At times all this can seem almost like an unattainable dream, something beyond our strength. And in a sense it is, since each of us, if we rely only on ourselves, is weak, with feet of clay; moreover, fidelity can only arise between two persons. But it is precisely the experience of our own weakness that prevents us from relying solely on our own good wishes or talents. Saint Paul’s words can help us here: I can do all things in him who strengthens me (Phil 4:13). God, who offers us his love freely before we can even ask for it, and who never stops loving us no matter what, gives Himself to us as the source of our fidelity to Him and to other people.

Nevertheless, if we think about the experience of God’s faithfulness in our own life and in the lives of so many others, we could say that yes we can trust ourselves. How often, perhaps especially in difficult moments, we remember the trust our Lord has shown us, beginning with our birth (the very fact that we are alive is his choice), and then our baptism and all the times that God has shown us his love, his closeness and his light on our path. Although God’s choice has been eternal, his trust placed in us is revealed in our lives over time, and we grow constantly in our awareness and appreciation for that privilege.

But when, in contrast, we try to be faithful only through our own strength, when we lose sight of the relationship our fidelity is based on, we stop experiencing God’s trust in us. And we forget about all the gifts we have received, like those vinedressers who forgot they were working only because the owner went out first to look for them, and not because of their own merits (cf. Mt 21:33-46). We focus, instead, on how tiring and insufficient our own efforts are. Little by little complaints can arise, brief escapes and unfaithfulness in small things. We can even “get used to” being close to our Lord, and simply seek to calm our conscience, falling into lukewarmness. The novelty of the other person is lost, the surprise of his face, the creativity that a personal relationship always requires.

Ultimately, we can be faithful because God trusts us. This is how the saints have been faithful. Biographers recount that one day Saint Teresa of Avila, when about to go up the stairs in the convent of the Incarnation, met a beautiful child who smiled at her. She asked him: “Who are you?” The boy responded with another question: “And who are you?” The saint, amazed, replied: “I am Teresa of Jesus.” And the boy, with a smile, told her: “Well, I am Jesus of Teresa.” It is in a relationship like this, between two people, that fidelity arises, including our own relationship with God: “A Christian can never be a lonely person, since we live in continual contact with God, who is both near us and in heaven.”[8]

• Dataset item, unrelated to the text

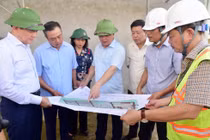 Lãnh đạo Hà Nội thị sát, gỡ vướng 5 dự án quan trọng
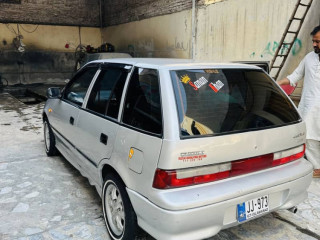 suzuki-cultus-2005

Fidelity of God’s children

“The virtue of fidelity is deeply linked to the supernatural gift of faith; it becomes the expression of that steadfastness proper to those who have made God the foundation of their entire lives,” Benedict XVI said. And he continued: “In faith we find the sole guarantee of our standing firm (cf. Is 7:9); only on this foundation can we in turn be truly faithful.”[9] Seeing God’s faithfulness, which precedes the fidelity we want for ourselves, we can consider three ways we can strengthen our own fidelity: experiencing the joy of belonging to the Father, in Christ, as free persons; deepening ever more fully our personal identification with his will, which is also personal, and which is always a gift to us; and living better the fraternal relationships that arise among those who want to be faithful.

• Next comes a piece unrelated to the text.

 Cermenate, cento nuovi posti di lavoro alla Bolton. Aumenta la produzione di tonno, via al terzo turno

First, we belong to God – not as something inert, but as living beings, as free persons, capable of both loving and opening ourselves to the love of another person. God has given Himself to us personally, in his Trinitarian love. Therefore we want to come to know our Lord and ourselves ever better, so as to enjoy, suffer, work and relate to others steeped in our divine filiation. As in the dream of Jacob’s ladder, according to the interpretation of Saint John of the Cross, the more we climb in our knowledge and love of God, the more we descend into the depths of our own soul.[10] Coming to know God ever better brings us closer to ourselves, since we are the work of his hand; and, at the same time, getting to know his creation better, especially in ourselves, can fill us with wonder and love for the Creator. That is why we gladly follow Saint Josemaría’s advice in the last point of The Way: “Fall in love, and you won’t leave him,”[11] which Blessed Alvaro glossed by turning it around: “Don’t leave him, and you will fall in love.”[12] Our desire to follow Him closely, sometimes going against the grain, is enough for our Lord to instill in us a renewed and more ardent love for Him.

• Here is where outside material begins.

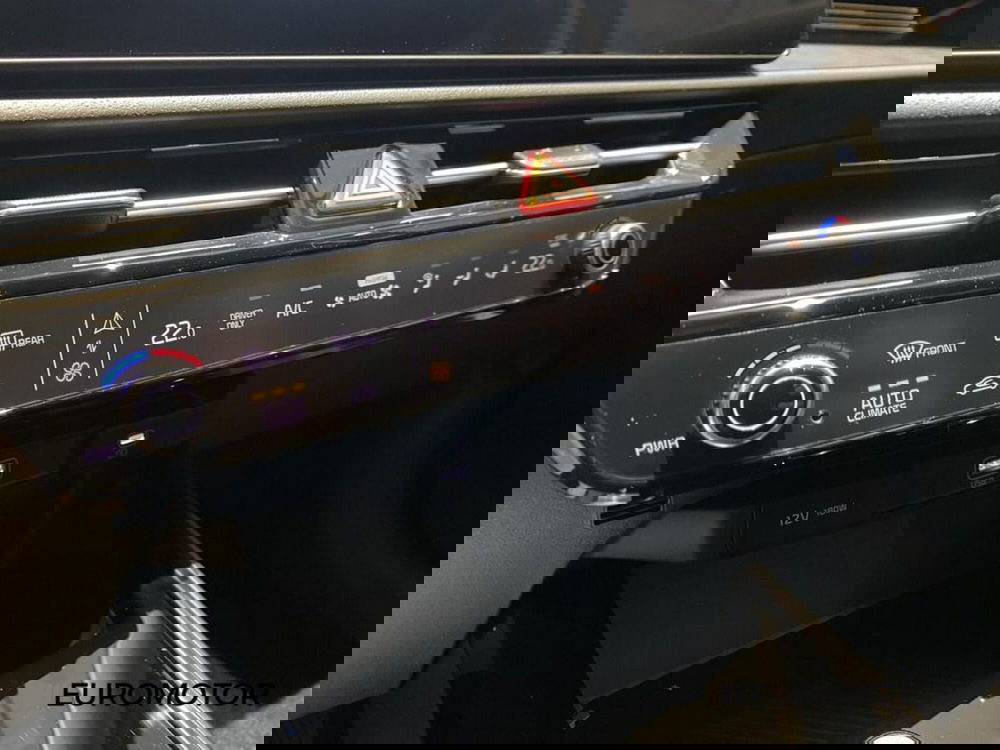 Kia Niro nuova a Bari (13)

Secondly, we know that loving God is, in reality, a path of identifying ourselves with Christ, of letting his trust bear fruit in us. However, to achieve this we also need his help. Indeed, no one can call God Father, or consider themselves his son or daughter, unless one is in Christ. But although we all share in the same life of Jesus, each of us does so in a personal way. God has granted each of us particular talents and virtues, a unique personality, a way of seeing the world that is ours alone. Therefore each one’s fidelity to God is not something uniform, as though stamped from a mold; rather it is personal and unique, forged in each one’s life. Hence it makes no sense to compare ourselves with anyone else, or feel judged by anyone based on fixed schemes. “Fidelity is being faithful to a commitment of love, and it is love for God that is the ultimate meaning of freedom … Take my yoke upon you and learn from me, for I am gentle and lowly of heart, and you will find rest for your souls. For my yoke is easy, and my burden is light (Mt 11:29-30).”[13]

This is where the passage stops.